There is no real dress code when it comes to a tango skirt. Many women gravitate to the flowing dresses that seem to leave ripples in the air as they move around the dance floor. Others find skirts that are much shorter but can still keep up with the moves and the pace of the dance. It’s important to make sure that the skirt, its length, level of fit and its flow doesn’t distract from the dance. While it’s okay to near the line of being sexy, when it takes away from the moves and from your partner, it might be time to rethink the choice.
Tango tops often have cutouts and designs that reveal certain parts of the chest and back. Even though daring dips down the middle in the front or the back can bring something special to the look, the dance dresses that look as though they are barely holding on or those that at any minute seem as though they could slide down to the waist aren’t going to do the dancer, her partner or the audience any good. This is the time to find balance. Look for tops that match the essence of your tango performance without going overboard and becoming more of a distraction.

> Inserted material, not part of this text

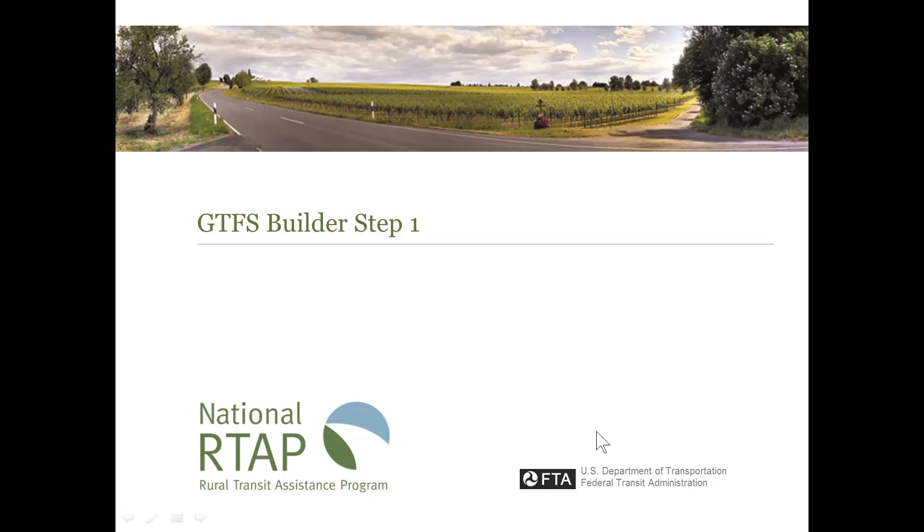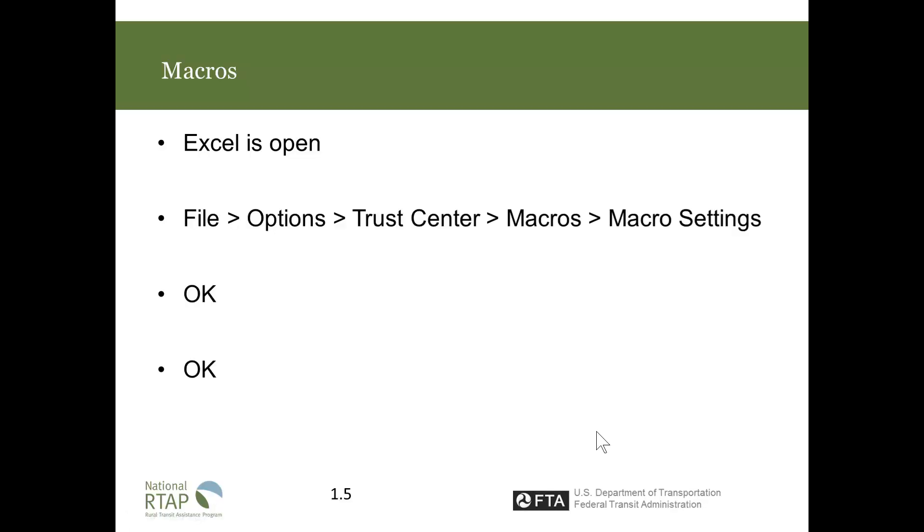This GTFS Builder step 1 tutorial focuses on macros and we will walk through the steps to accept the macros. You will also be encouraged to speak with your technology department IT person to confirm that you can accept and work with the macros that we're providing.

There are those on both sides of the coin who struggle with placing parameters on tango apparel. It can seem odd to call to task those who have on something sexy as part of a dance that absolutely oozes sexuality. Some believe that there is no line that can be drawn and no need to find balance. Instead, anything goes when on the dance floor.
Those who do make mention of a tango skirt being too short or a top being too revealing often come from the same place. Many state that to dress in an overly revealing way takes away from the partner’s performance and also takes away from the dance itself. In some circles, just making mention of this issue can lead to an argument.
In reality, the dancer has the final say in what she feels comfortable in. Dancewear should boost confidence and go with the dance moves, not hinder them. It’s important to consider what works best for the dance, the partner, and in some cases, the audience. Sometimes, finding the perfect balance means creating an ideal experience for everyone involved. There is a way to look sexy without going over the top.